PROMPT ▸ Every entry should appear in your answer exactly as it does here.
________________________
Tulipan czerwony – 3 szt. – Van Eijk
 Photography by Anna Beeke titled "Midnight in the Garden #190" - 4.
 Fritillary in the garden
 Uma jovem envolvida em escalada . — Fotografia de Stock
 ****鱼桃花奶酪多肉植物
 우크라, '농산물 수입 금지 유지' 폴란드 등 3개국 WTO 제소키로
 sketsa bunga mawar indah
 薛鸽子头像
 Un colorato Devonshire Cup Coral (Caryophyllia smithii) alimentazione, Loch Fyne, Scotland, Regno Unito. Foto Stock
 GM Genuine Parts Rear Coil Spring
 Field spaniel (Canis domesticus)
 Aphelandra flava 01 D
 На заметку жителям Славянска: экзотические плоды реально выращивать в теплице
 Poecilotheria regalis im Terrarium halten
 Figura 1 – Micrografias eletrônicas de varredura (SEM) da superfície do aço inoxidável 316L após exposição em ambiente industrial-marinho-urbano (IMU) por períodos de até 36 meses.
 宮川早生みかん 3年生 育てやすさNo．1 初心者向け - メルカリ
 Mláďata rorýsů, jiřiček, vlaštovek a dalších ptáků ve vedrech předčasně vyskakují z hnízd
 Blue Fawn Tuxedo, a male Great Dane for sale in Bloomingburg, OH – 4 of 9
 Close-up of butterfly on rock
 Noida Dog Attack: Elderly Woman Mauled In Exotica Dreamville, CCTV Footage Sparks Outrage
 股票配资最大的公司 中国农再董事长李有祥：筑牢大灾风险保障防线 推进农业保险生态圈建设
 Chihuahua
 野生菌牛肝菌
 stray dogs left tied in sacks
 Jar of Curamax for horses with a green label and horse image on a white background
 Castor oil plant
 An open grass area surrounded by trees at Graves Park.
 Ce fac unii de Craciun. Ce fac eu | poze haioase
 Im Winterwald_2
________________________
RESULT OF THE TASK ▸
Tulipan czerwony – 3 szt. – Van Eijk
 Photography by Anna Beeke titled "Midnight in the Garden #190" - 4.
 Fritillary in the garden
 Uma jovem envolvida em escalada . — Fotografia de Stock
 ****鱼桃花奶酪多肉植物
 우크라, '농산물 수입 금지 유지' 폴란드 등 3개국 WTO 제소키로
 sketsa bunga mawar indah
 薛鸽子头像
 Un colorato Devonshire Cup Coral (Caryophyllia smithii) alimentazione, Loch Fyne, Scotland, Regno Unito. Foto Stock
 GM Genuine Parts Rear Coil Spring
 Field spaniel (Canis domesticus)
 Aphelandra flava 01 D
 На заметку жителям Славянска: экзотические плоды реально выращивать в теплице
 Poecilotheria regalis im Terrarium halten
 Figura 1 – Micrografias eletrônicas de varredura (SEM) da superfície do aço inoxidável 316L após exposição em ambiente industrial-marinho-urbano (IMU) por períodos de até 36 meses.
 宮川早生みかん 3年生 育てやすさNo．1 初心者向け - メルカリ
 Mláďata rorýsů, jiřiček, vlaštovek a dalších ptáků ve vedrech předčasně vyskakují z hnízd
 Blue Fawn Tuxedo, a male Great Dane for sale in Bloomingburg, OH – 4 of 9
 Close-up of butterfly on rock
 Noida Dog Attack: Elderly Woman Mauled In Exotica Dreamville, CCTV Footage Sparks Outrage
 股票配资最大的公司 中国农再董事长李有祥：筑牢大灾风险保障防线 推进农业保险生态圈建设
 Chihuahua
 野生菌牛肝菌
 stray dogs left tied in sacks
 Jar of Curamax for horses with a green label and horse image on a white background
 Castor oil plant
 An open grass area surrounded by trees at Graves Park.
 Ce fac unii de Craciun. Ce fac eu | poze haioase
 Im Winterwald_2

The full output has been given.